Von Grundsteuer-Reform besonders betroffen: Wohnen wird teurer

Wie mittlerweile zahlreiche Zuschriften an die Heilbronner Stimme belegen, müssen vor allem Besitzer älterer Häuser mit großen Grundstücken überproportional mehr bezahlen. In Heilbronn gibt es Fälle, bei denen die jährliche Zahlung von unter 100 Euro auf weit mehr als 1000 Euro explodiert ist. Besonders krasse Fälle, bei denen die Besitzer jetzt über den Verkauf ihres Grundstückes nachdenken, werden ebenso berichtet – empörte Reaktionen auf die Grundsteuer-Reform inklusive

Diese Tendenz hat der Steuerzahlerbund, der in Sachen Grundsteuer bereits von Enteignung sprach, in vielen Städten festgestellt.
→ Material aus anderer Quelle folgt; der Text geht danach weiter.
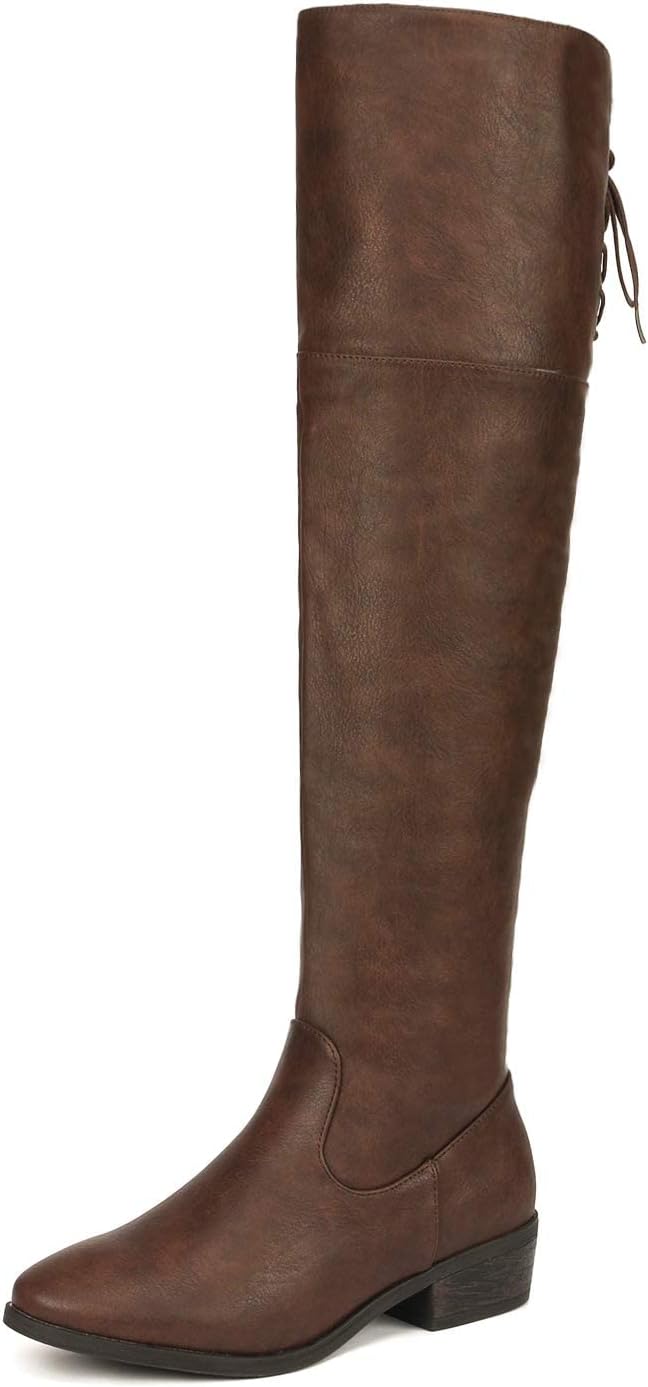 DREAM PAIRS Women's Over The Knee High Low Block Heel Boots
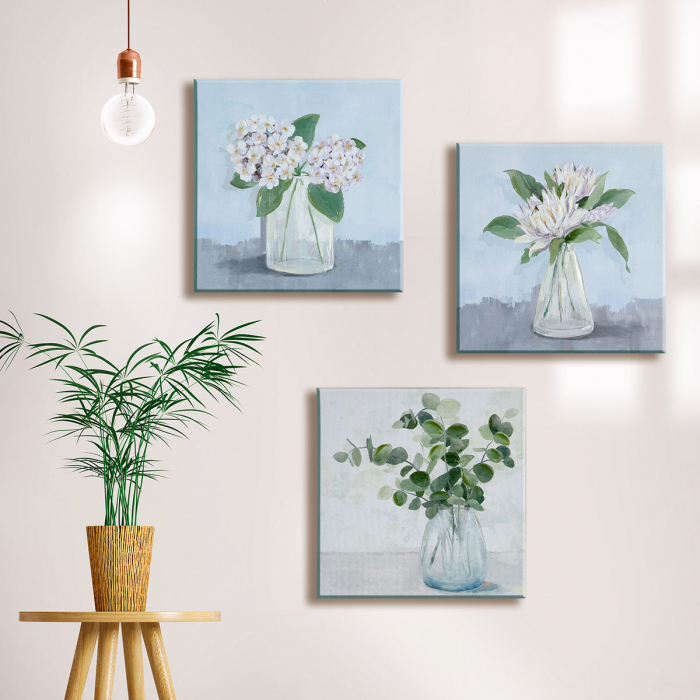 Set 3 tablouri Bunch of Flowers, panza, multicolor, 28x28x2.5 cm GILDE imagine 2022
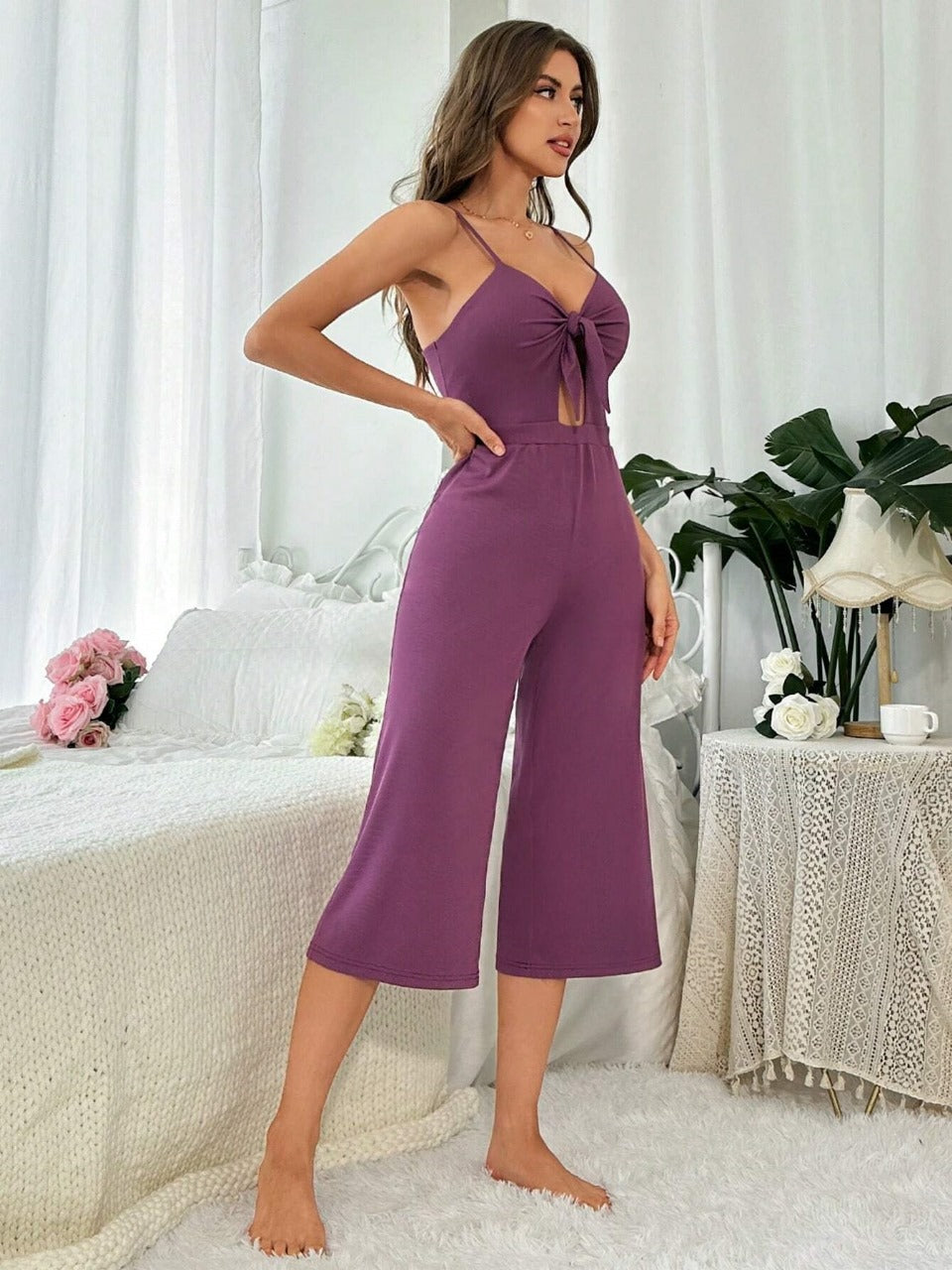 Women's Solid Color Wide-Leg Jumpsuit With Straps For Home Wear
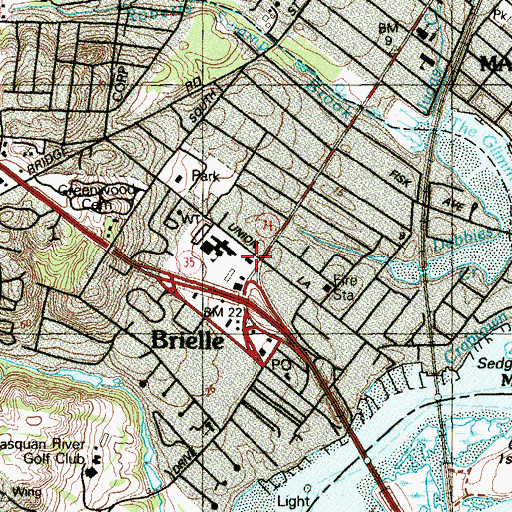 Topographic Map of Brielle Police Department, NJ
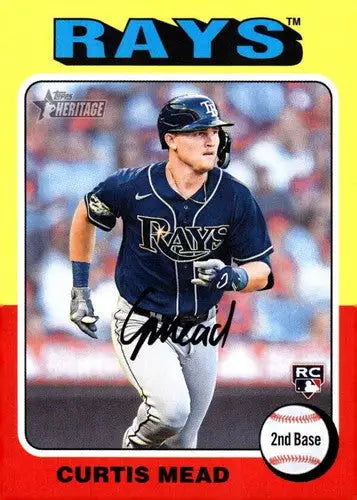Original gloss 2024 Topps Heritage Curtis Mead baseball card rookie Rays ID 70166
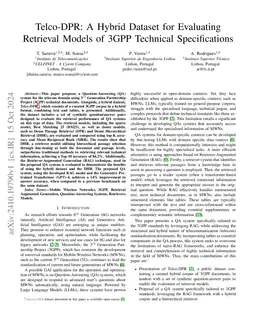 Telco-DPR: A Hybrid Dataset for Evaluating Retrieval Models of 3GPP
  Technical Specifications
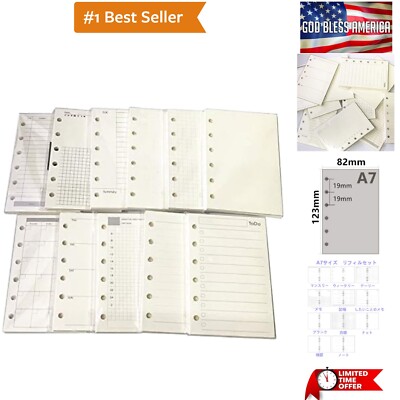 A7 Planner Inserts for 11 Packs, A7 Agenda Refill, 100 gsm Thicker Paper/4.84...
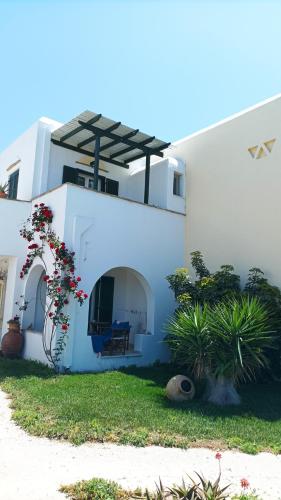 a white house with flowers on the side of it at Magic Land in Plaka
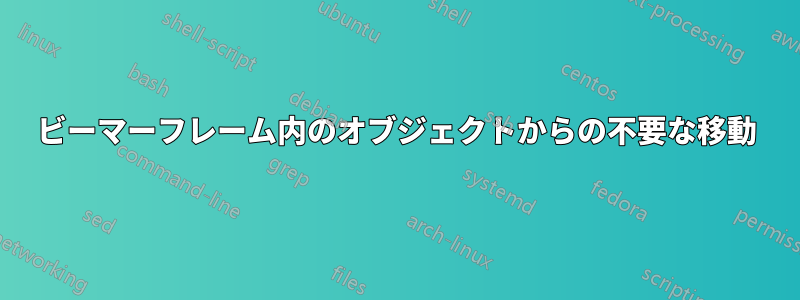 ビーマーフレーム内のオブジェクトからの不要な移動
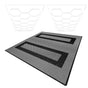 Hexagon LED lights in white above grey vented garage floor tiles with black edges, showcasing a modern geometric design and textured surface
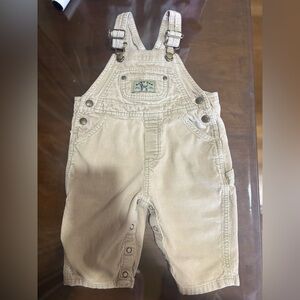 Beige Corduroy Kids Overalls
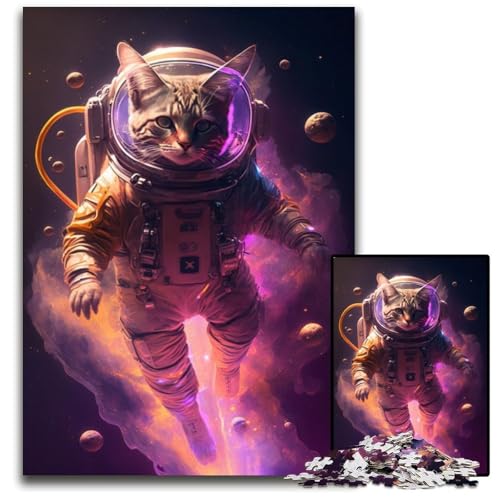 Katzen-Astronauten-Puzzle für Erwachsene, 1000 Teile, schwierige Puzzles für Erwachsene, ideal für Liebhaber, perfektes Weihnachts-, Neujahrs-, Valentinstagsgeschenk, 26x38cm/10,23x14,96 Zoll Katzen-Astronauten-Puzzle für Erwachsene, 1000 Teile, schwierige Puzzles für Erwachsene, ideal für Liebhaber, perfektes Weihnachts-, Neujahrs-, Valentinstagsgeschenk, 26x38cm/10,23x14,96 Zoll von JIANGENNF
Während der Anteil an der Gesamtlast für Ein- und Zweifamilienhäuser steige, sinke jener der Eigentumswohnungen und des Gewerbes. Insgesamt werfe die ungleiche Verteilung ein schlechtes Licht auf die Reform. „Die verfassungsrechtlich zweifelhaften Belastungswirkungen der Bodenwertsteuer werden hier ersichtlich.“ 

War im Jahr 2024 das Aufkommen zwischen Wohnen und Gewerbe noch ausgeglichener, wird es nach der Reform im Jahr 2025 deutliche Verschiebungen hin zum Wohnen geben – in manchen Orten bestreiten die Besitzer von Wohngrundstücken künftig bis zu drei Viertel des Grundsteueraufkommens. Das hat eine Umfrage des Steuerzahlerbundes unter 100 Kommunen in Baden-Württemberg ergeben. 
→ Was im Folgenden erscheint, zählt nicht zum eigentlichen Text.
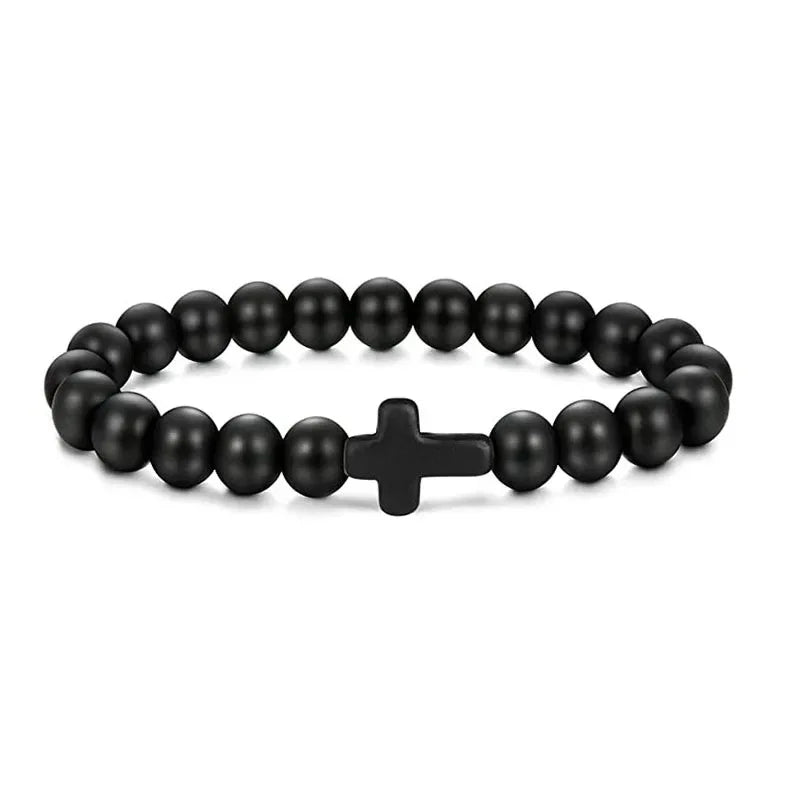 DIVINE GUARDIAN – Hematite & Onyx Prayer Rosary Bracelet with Wood Beads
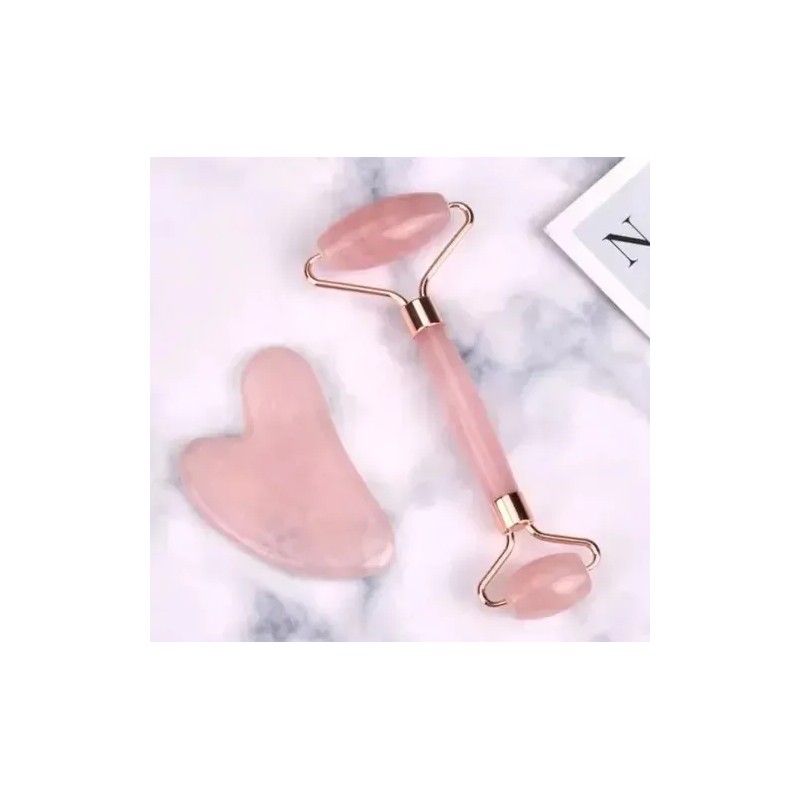 Guasha De Cuarzo Rosa Y Rodillo Para Masaje Facial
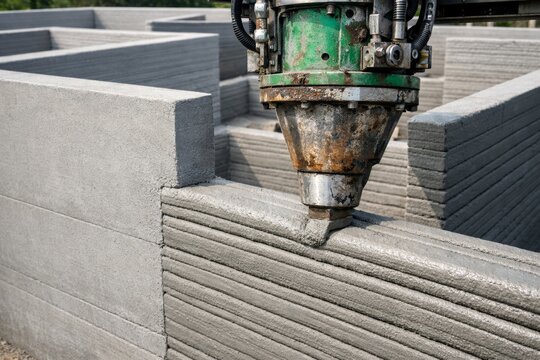 3D printing machine building concrete house structure concept outdoors. Ai generative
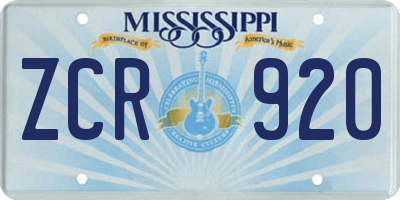 MS license plate ZCR920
Belastung beim Wohnen steigt durch Grundsteuer-Reform

In Öhringen fällt die Verschiebung nicht ganz so deutlich aus: Nach der alten Berechnung trugen Gewerbegrundstücke rund 36 Prozent zum Gesamtaufkommen von 4,5 Millionen Euro bei. Nach neuem Modell liegt der Gewerbe-Anteil in Öhringen bei etwa 25 Prozent, das Aufkommen steigt auf 4,75 Millionen Euro. In Heilbronn war es aufgrund technischer Probleme mit dem Auswertungstool nicht möglich, die exakte Verteilung zwischen Gewerbe und Wohnnutzung zu ermitteln.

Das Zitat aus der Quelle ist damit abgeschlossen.